This study was conducted to examine sexual dysfunction in patients after double-J catheterization.
This descriptive, cross-sectional and prospective study was conducted in a research and training hospital from June 2020 to February 2021. The data were collected from patients who visited the emergency clinic and were hospitalized in the urology clinic due to renal calculi. The study was completed with 192 patients. The data was collected using a patient introductory form, the International Index of Erectile Function (IIEF-15), and the five-item Turkish version of the International Index of Erectile Function (IIEF-5). Then data were collected before double-J catheterization, one month after catheterization and a month after the catheter was removed. The data were evaluated using means, numbers, percentile distributions and the paired samples t-test.
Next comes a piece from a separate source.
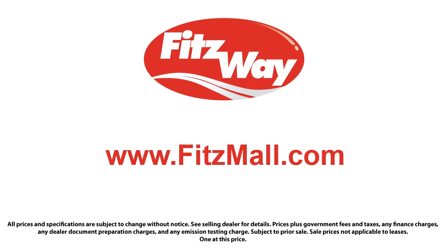The Fitzway puts the customer first with honesty, respect, and a total commitment to customer satisfaction. That's the Fitzway.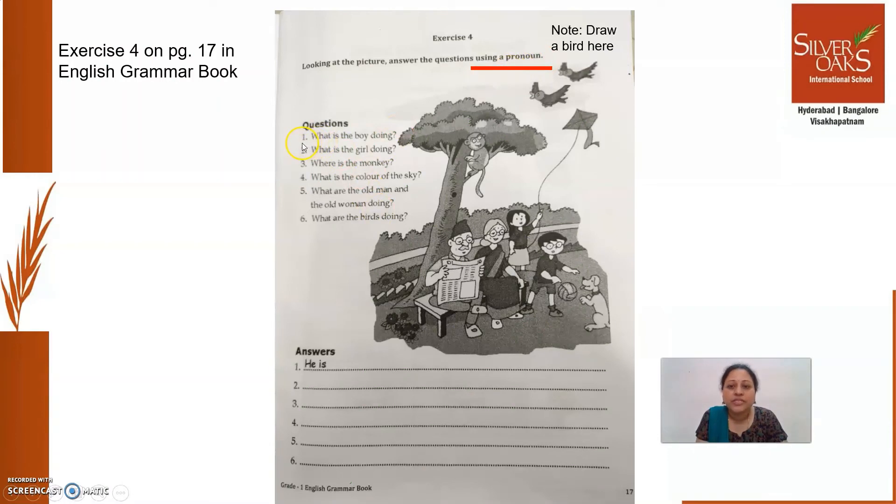For example, first question: what is the boy doing? While writing the answer, you should not write 'The boy is playing with a ball.' Instead, which pronoun can you use for the boy? The pronouns you learned are: he, she, it, they, we. So which pronoun will you use for the boy? Yes, you will use 'he.' You will write the answer like, 'He is playing with a ball' or 'He is playing with a dog.' Instead of writing 'the boy,' you will use 'he.'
The patients’ sexual function was negatively affected by double-J catheterization, and this negative effect persisted for a month after removal of the double-J catheter. The differences in the patients’ mean IIEF scores and sub-dimension scores before and after double-J catheterization were statistically significant (p˂0.001). A month after the double-J catheter was removed, the difference between their mean IIEF-5 scores was statistically significant (p˂0.001). No erectile dysfunction was found in 50.0% of the patients before double-J catheterization. A month after the catheter was removed, erectile dysfunction was found at different levels in 88% of the patients, and severe erectile dysfunction was found in 60.9% of the patients.
This study found that double-J catheterization negatively affects patients’ sexual function. Patients experience sexual dysfunction while the double-J catheter is in place and for a month after it is removed.